[Recorded information]:
══════════════════════════════
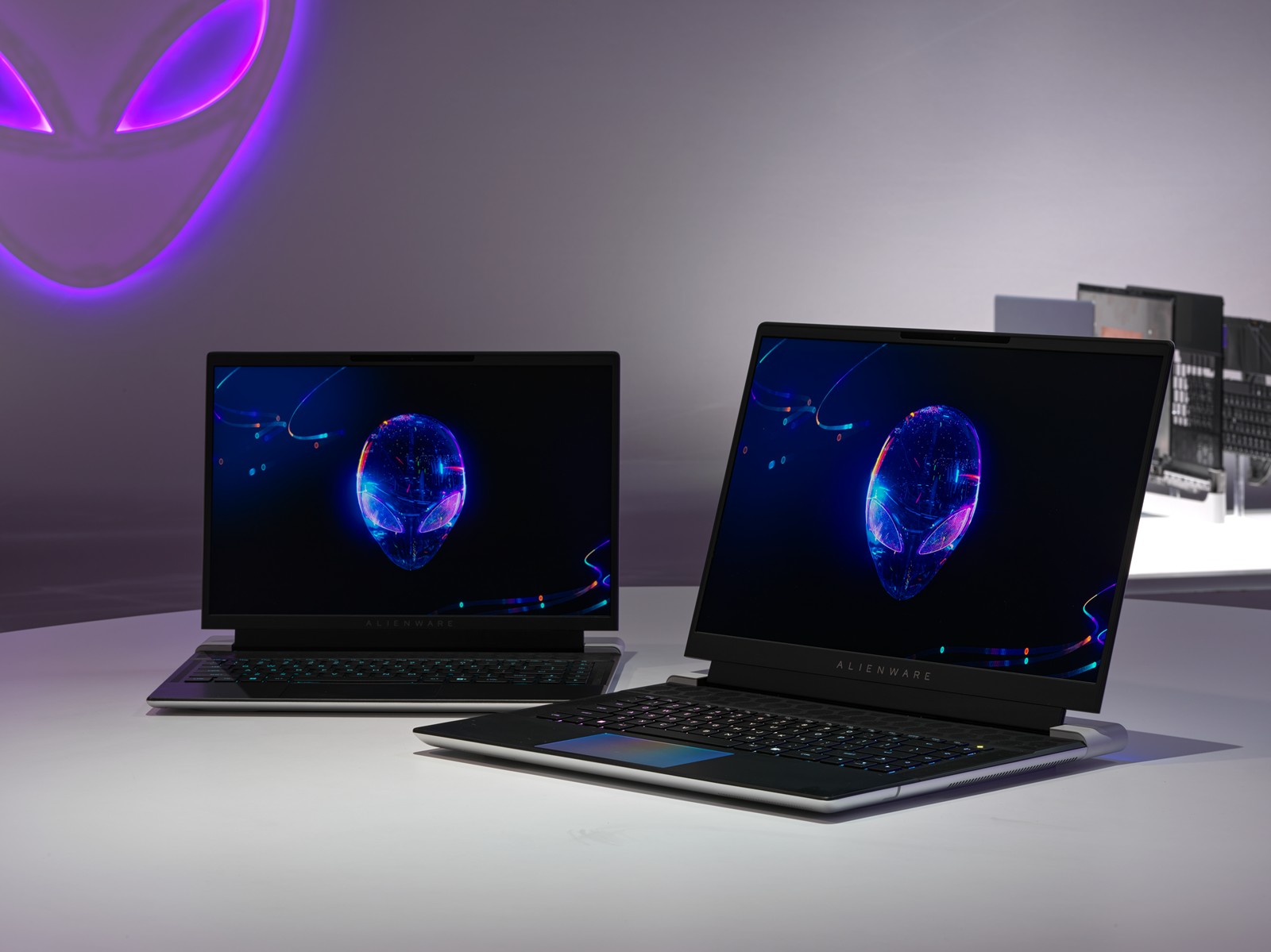 Alienware trình làng bản cải tiến dòng Laptop Armada kinh điển tại CES 2023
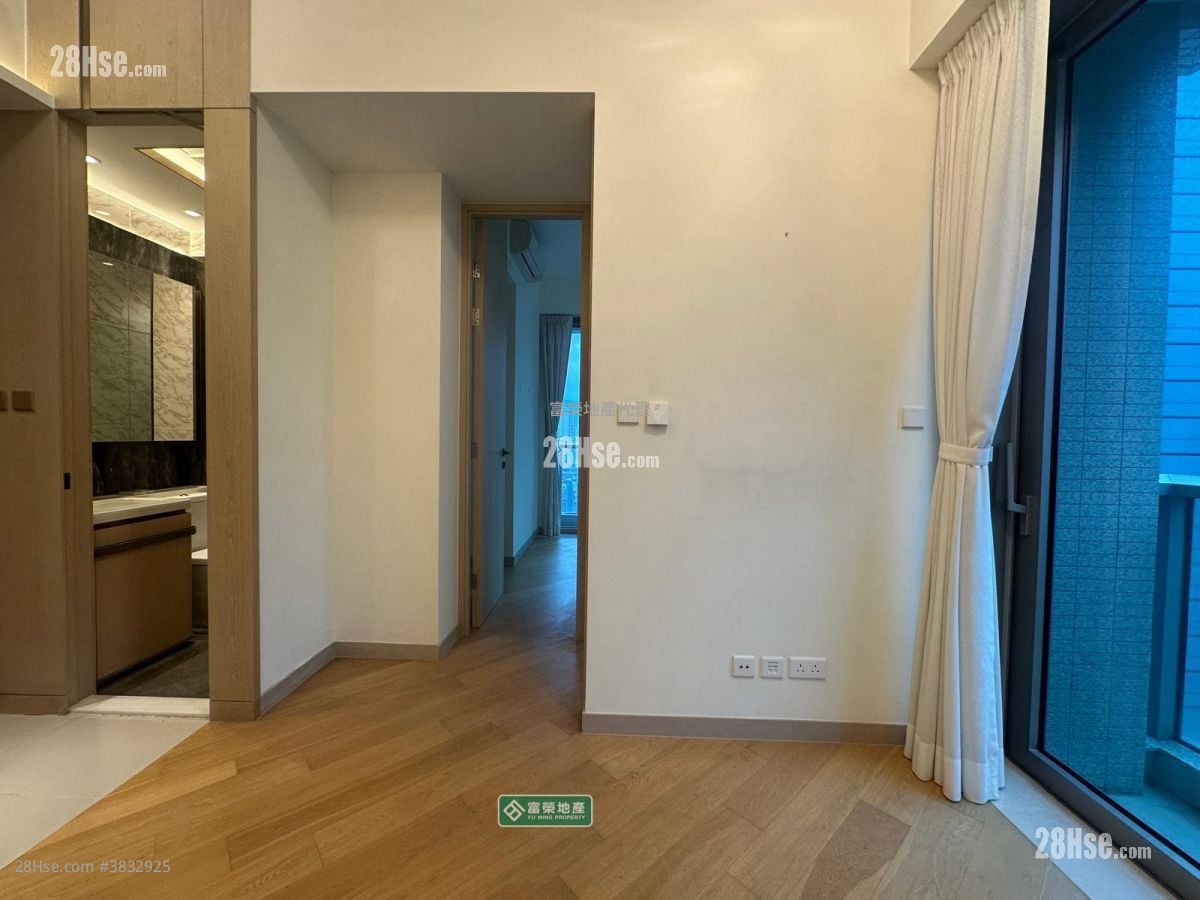 One Soho Sell 2 Bedrooms , 1 Bathroom 374 ft²
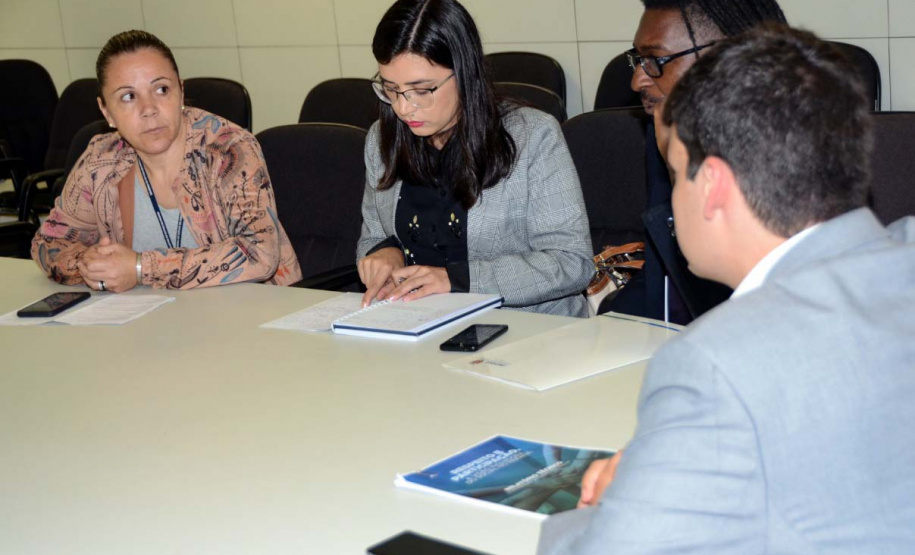 O Governo do Estado instituiu nesta semana um grupo de trabalho para discutir estratégias e propostas de valorização dos quilombolas e das comunidades tradicionais do Paraná. O decreto foi assinado pelo governador Carlos Massa Ratinho Junior.Foto: SEJUF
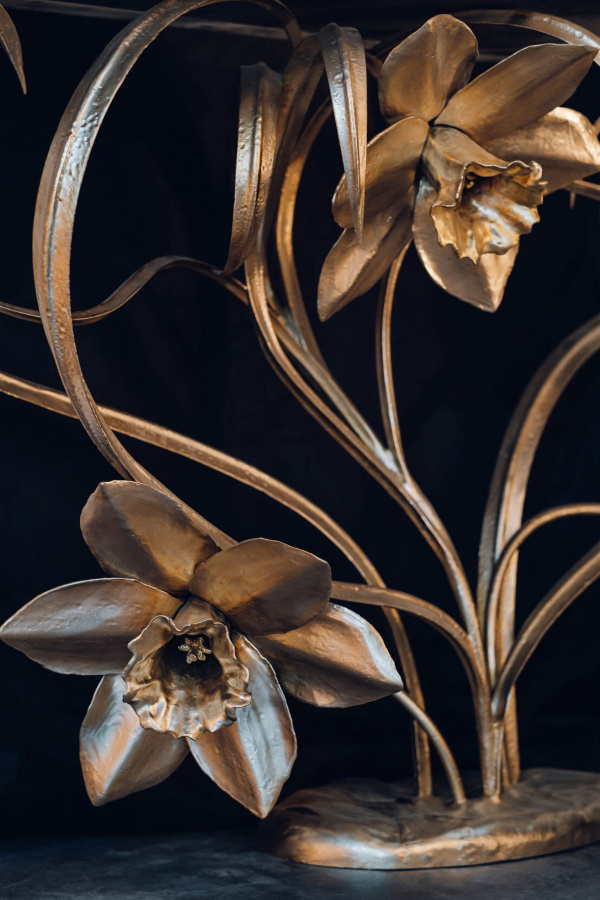 Фото Консоль Narcissus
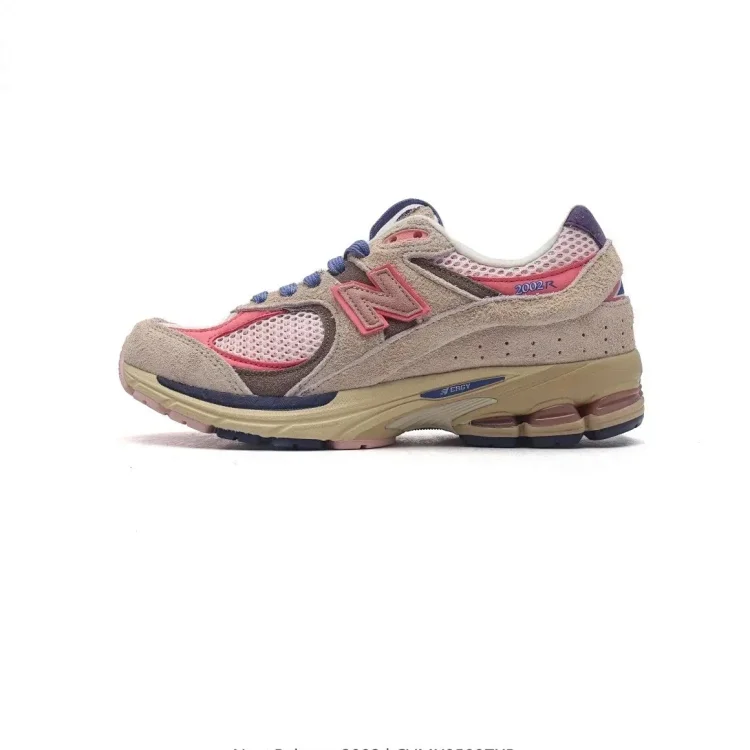 New Balance 2002 20 · Schuhe & Slipper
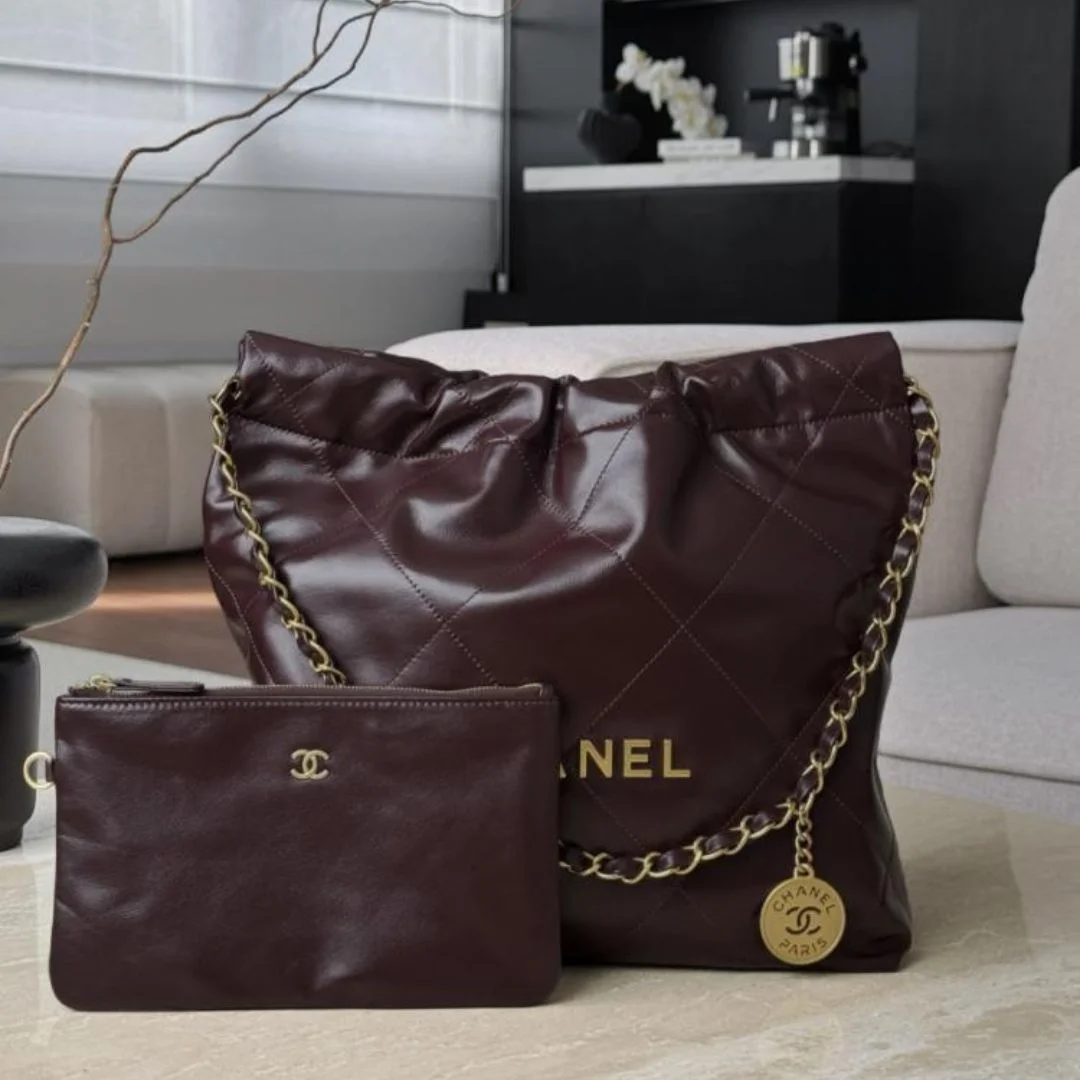 Chanel 22 handbag in Burgundy product view 1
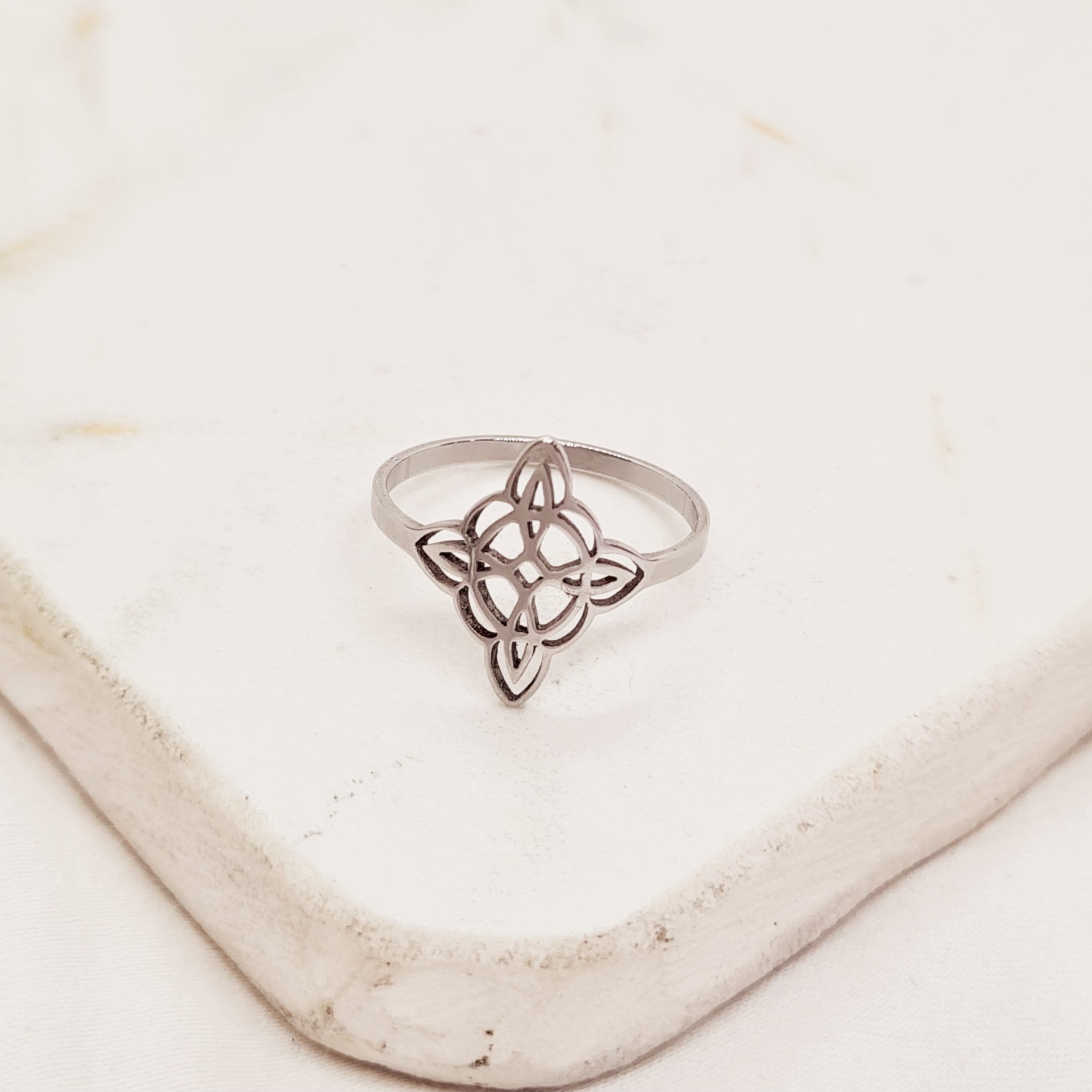 Imagen de producto ANILLO NUDO DE BRUJAS CALADO CURVO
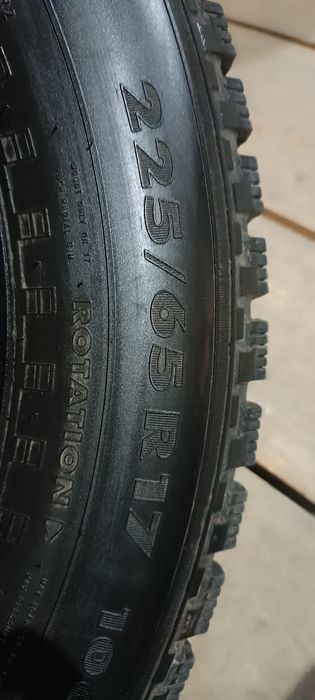 Зимние шины  на 17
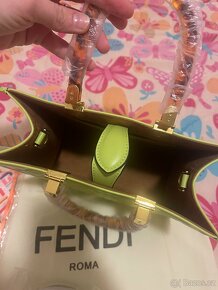 Neon kabelka Fendi - 4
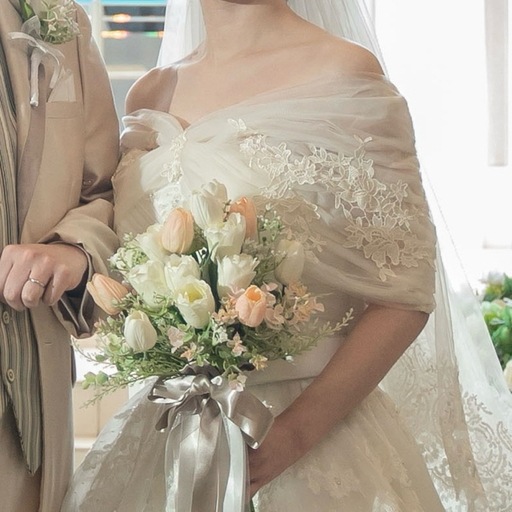 取り外しオフショルダーのみ 流れる透け花レース 七分袖丈 くるみボタン 結婚式 拳式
══════════════════════════════
[Work item]: Word for word, print out all of the records above; pass over the pictures.

[Result]:
 Alienware trình làng bản cải tiến dòng Laptop Armada kinh điển tại CES 2023
 One Soho Sell 2 Bedrooms , 1 Bathroom 374 ft²
 O Governo do Estado instituiu nesta semana um grupo de trabalho para discutir estratégias e propostas de valorização dos quilombolas e das comunidades tradicionais do Paraná. O decreto foi assinado pelo governador Carlos Massa Ratinho Junior.Foto: SEJUF
 Фото Консоль Narcissus
 New Balance 2002 20 · Schuhe & Slipper
 Chanel 22 handbag in Burgundy product view 1
 Imagen de producto ANILLO NUDO DE BRUJAS CALADO CURVO
 Зимние шины  на 17
 Neon kabelka Fendi - 4
 取り外しオフショルダーのみ 流れる透け花レース 七分袖丈 くるみボタン 結婚式 拳式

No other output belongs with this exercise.